**What this task involves**
When you write out the listing, keep every word as it stands and drop the pictures.

**Data provided**
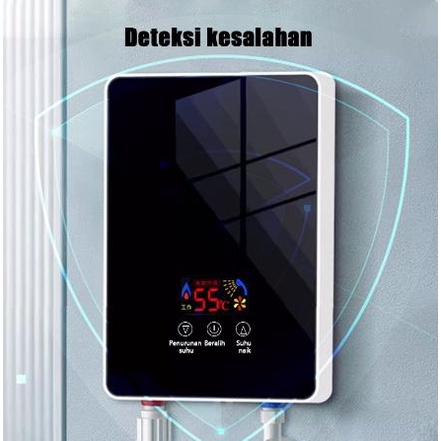 Pemanas Air Hemat Listrik Water Heater Pemanas Air Listrik Instan Yang Dipasang LED Display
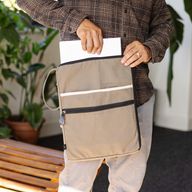 Große Laptop-Tasche aus Canvas – Oliv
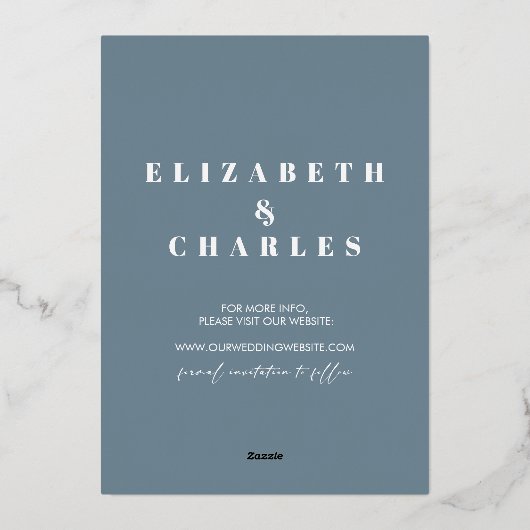 雪の村の町のお洒落結婚式の日付を保存 箔招待状 (裏面)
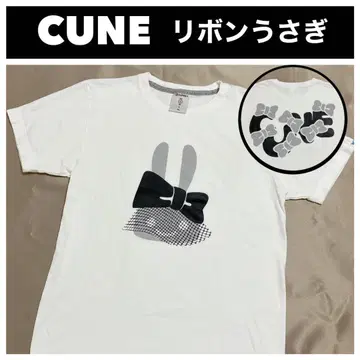 CUNE 큔 리본 토끼 반팔 티셔츠 화이트 S 양면 프린트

**Result**
 Pemanas Air Hemat Listrik Water Heater Pemanas Air Listrik Instan Yang Dipasang LED Display
 Große Laptop-Tasche aus Canvas – Oliv
 雪の村の町のお洒落結婚式の日付を保存 箔招待状 (裏面)
 CUNE 큔 리본 토끼 반팔 티셔츠 화이트 S 양면 프린트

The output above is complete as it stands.